Following a failure modes and effects analysis (FMEA) approach by a cross-functional team, each facility should attempt to classify its assets based on replacement cost, lead time, average repair cost, mean time to repair (MTTR), the potential safety and environmental impacts of failure and cost of downtime.
Assets can then be classified, using agreed-upon point system, as (a) critical to the operation of the facility, (b) important to the operation of the facility or (c) supportive but with limited impact to the facility. See Table 1 for inspection frequency examples for different CBM technologies, based on the importance of different assets.
To enable accurate assessments of asset ‘health,’ data must be collected at regular intervals, so long-term trends can be compared. For many of the measured parameters, a baseline can be set for ‘normal’ operation shortly after the transformer goes into service.
The EMSD advantage
In these ways, the use of EMSDs—such as maintenance inspection windows and external oil sampling ports—with transformers can take the danger out of CBM data collection tasks, by eliminating the need to work on energized open panels. With the related safety risks eliminated, inspections become feasible for a single technician, with no cumbersome arc flash PPE. This means data can be collected much more efficiently.
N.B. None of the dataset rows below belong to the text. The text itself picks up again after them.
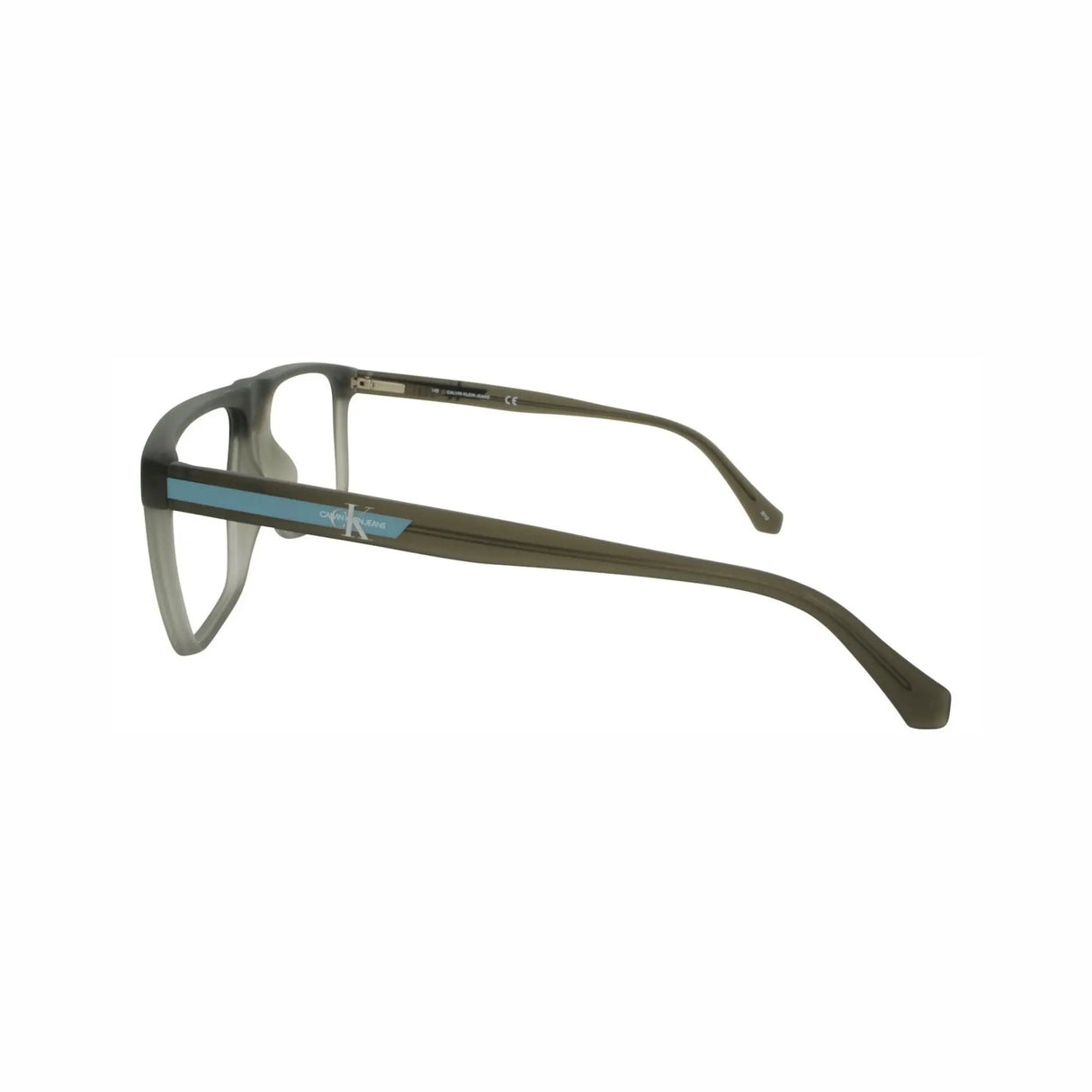MONTURA DESCANSO HOMBRE CKJ21611 050 CALVIN KLEIN JEANS CALVIN KLEIN
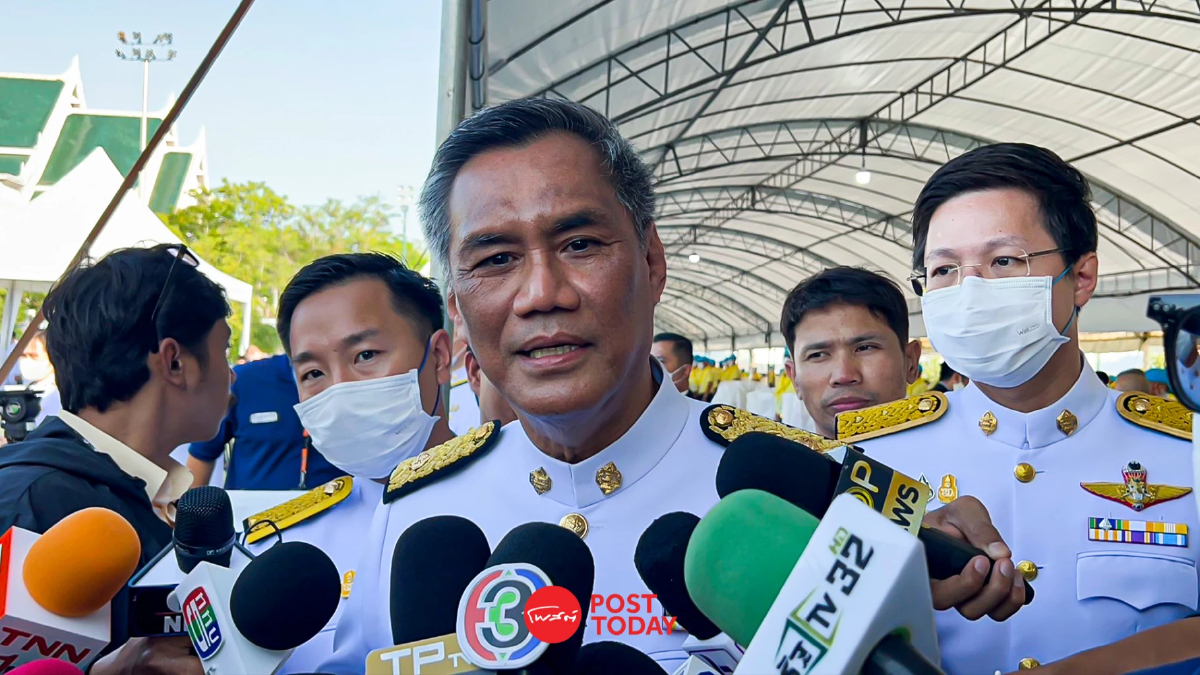 อิทธิพร บุญประคอง เผยกกต.รับรองผลเลือกตั้งส.ส.เดือนมิ.ย.นี้ อิทธิพร บุญประคอง เผยกกต.รับรองผลเลือกตั้งส.ส.เดือนมิ.ย.นี้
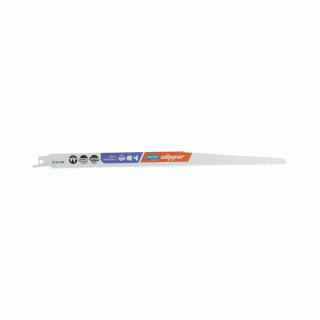 Pilový plátek HCS S 1411 DF 2 ks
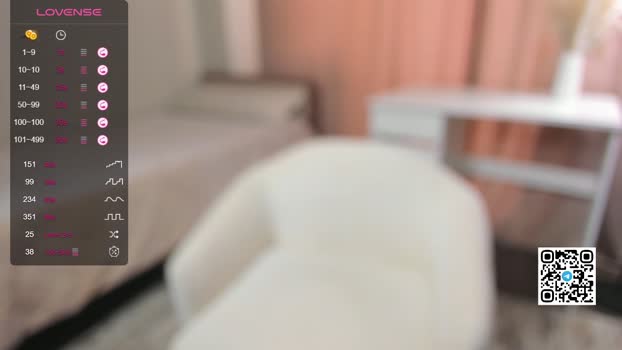 edlacarleton bj-dildo Webcam SHOW @ Chaturbate 26-06-2025
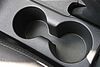Hyundai I20 1.0T GDi 90 Black Line 5dr Black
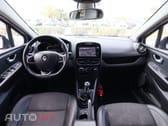 Renault Clio Sport Tourer Energy dCi 110 Start & Stop INTENS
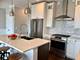 2508 W Diversey Unit 4E, Chicago, IL 60647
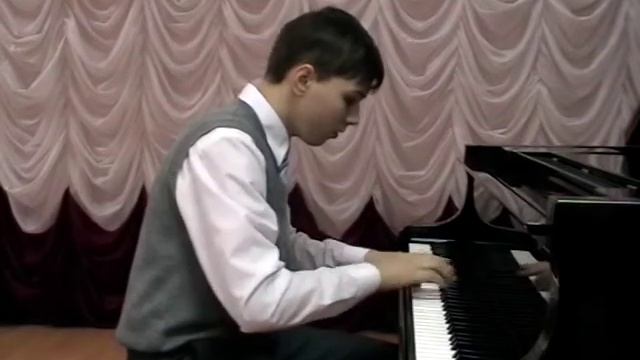 В Коровицын Колыбельная смотреть онлайн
Then, with increased frequency of inspections, problems that could lead to unexpected failures of transformers can be detected earlier and preventative intervention can be initiated. Not only does this ensure regulatory compliance, but it also makes economic sense for the monitoring and protection of important electrical assets.
Experience has shown protecting transformers with fuses alone is not adequate to prevent fires in the event of a short circuit. Instead, the warning signs and possible causes of a short circuit should be detected early on, through CBM techniques.